People who hate candy corn love telling you.
Showing that you can fit your fist in your mouth on the first date is only sexy if you can get it back out afterwards
Commercial for elbows:
A frustrated man steers his car with totally straight arms. “Why did I go with the cheap arms?!”
Narrator: “Elbows”
With inflation, it would be Mambo No. 6.59 in 2013
i’m the guy who made the vaccine cards slightly bigger than wallet sized
2:10 – perfect popcorn
2:13 – firefighters on scene
Dear people who write “That’s it. That’s the tweet” at the end, we know it’s a tweet. It’s Twitter. Can’t be a tax return.
If you can’t handle me at my worst you’re really missing out on some interesting things to tell your therapist
manure salesmen ask ”do you want flies with that?”

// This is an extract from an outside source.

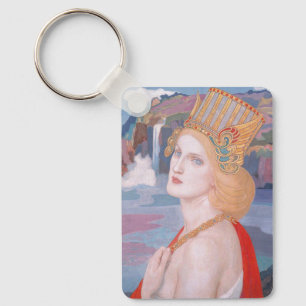 Aoife, c. 1914 by John Duncan Key Ring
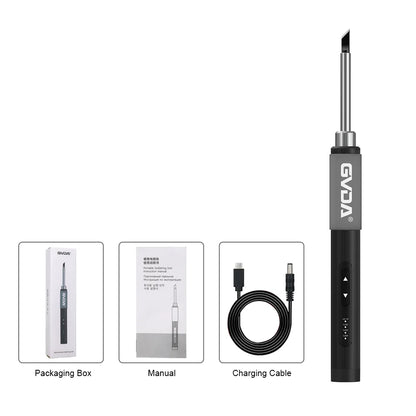 GVDA Electric Soldering Iron Welding Tool Ceramic Heater Welding Solder Rework Station Repair Heat Pencil Portable Soldering Pen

Me: my Husband always wanted a Viking funeral
Friend: but weren’t you supposed to wait until he died to shoot him with a flaming arrow?
Me: ugh, that’s what the jury said too.
Guard: visiting hours are up.
Sure you look forward to the day your kids are independent adults and living on their own, but it’s a double edged sword because then it becomes even harder to avoid talking to your husband.
Flight Attendant: “Here is the extra blanket you asked for.”
Me: “Thanks. Could you jam it into that guy’s mouth?”
I think it broke my bf’s heart when I said he couldn’t have Salma Hayek for Valentine’s Day.
[garage sale]
ME: can I leave my children as collateral
LADY: you haven’t bought anything
What’s the deal with everyone liking unicorns? They’re horses with dildos on their heads. Dragons, people. DRAGONS.
Lets all Twittercide at the same time & not tell a Will Smith parody account, 1 dog account, & all the zombie people just to freak him out.
airline clerk: your bag is over 50 pounds so that’ll be an extra $25
me: yes, of course *checks high school physics notes* money reduces the impact of gravity on mass
I’m gonna tell the kids my diet dessert bars are full of broccoli so they won’t eat them
This is meant to give your cat a seat at the table but it could totally be a whack-a-mole game instead
Cop: can I see some id
Me: *gives him a napkin* keep the change
Cop: are you high
Me: yes sir
The toast is toasting in the toaster, because that’s where the toast toasts.
The jerk store called. *removes hat* I’m afraid there’s been an accident.
5yo to 3yo: Clean up these Legos or I won’t get to play on my iPad.
Yeah, my 5yo is gonna do great in middle management.
Dear trick-or-treaters: Would it kill you to say “thank you” when I hand you a freshly made egg salad sandwich?